[![Open in Colab](https://colab.research.google.com/assets/colab-badge.svg)](https://colab.research.google.com/github/nkeriven/ensta-mt12/blob/main/notebooks/01a_introduction/N2_Polynomial_Classification_Model_Complexity.ipynb)

In [None]:
# Import modules
%matplotlib inline
import matplotlib
import numpy as np
import matplotlib.pyplot as plt
# Select random seed
random_state = 3

# Model Complexity

We make use of scikit pipeline mechanism to estimate linear classification of different order

In [None]:
from sklearn.pipeline import make_pipeline, Pipeline
from sklearn.preprocessing import PolynomialFeatures, StandardScaler

The PolynomialFeatures functions generates higher order polynoms from the initial samples. For instances, from (x_1, x_2) we could generate second order monomials (1, x_1, x_2, x_1x_2, x_1^2,x_2^2). It can be useful when the decision boundary is not linear.

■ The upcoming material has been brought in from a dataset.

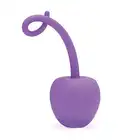 Toyz4Lovers - My Secret Cherry Purple. Kulka gejszy w kształcie wisienki.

## Generate data using sklearn toy functions

In [None]:
from sklearn.datasets import make_moons
X,y = make_moons(n_samples=1000, random_state=random_state, noise=0.25)

from sklearn.model_selection import train_test_split
# We split the initial set in two sets: one, namely the training set, use for training the model, 
# and one, namely the test set, use to compute the validation error
# -> test_size x n_samples for the test set and n_samples x (1- test_size) for the training set
# where test_size is given as a parameter
X_train, X_test, y_train, y_test = train_test_split(X, y, test_size=0.9, random_state= random_state )
y_train[y_train==0]=-1
y_test[y_test==0]=-1

# Display the training set
plt.scatter(X_train[:,0], X_train[:,1],c=y_train)
plt.grid()

## Train the Least Squares Classifier with polynomial features

In [None]:
from sklearn import linear_model

# Train the Least Squares (Ridge) Classifier with polynomial features
degree = 2 # Degree of the polynomial 1 ->20
model = make_pipeline(PolynomialFeatures(degree), StandardScaler(), linear_model.RidgeClassifier(alpha=1e-6))
model.fit(X_train, y_train) # apply fit to the whole pipeline: compute polynomial degree, scale, train the classifier

# Plot the decision functions
XX, YY = np.meshgrid(np.linspace(X_train[:,0].min(), X_train[:,0].max(),200),
                     np.linspace(X_train[:,1].min(), X_train[:,1].max(),200))
XY = np.vstack([ XX.flatten(), YY.flatten() ]).T
yp= model.predict(XY) # important: the scaler doesn't change its mean/std value for prediction !
plt.contour(XX,YY,yp.reshape(XX.shape),[0])
plt.grid()
plt.scatter(X_train[:,0], X_train[:,1], c=y_train)


### Exercise
Change the degree of the polynomial feature expansion for the previous example, e.g.  by gradually varying it  from 1,4,7  to 19, and visualize the shape of the decision boundary
 - do you think that a degree of 1, which gives a linear boundary (a straight line), is a satisfactory choice in this example?
 - conversely, what happens when the degree is 19 ?
 - By visual inspection, what value of the degree seems to be a good choice?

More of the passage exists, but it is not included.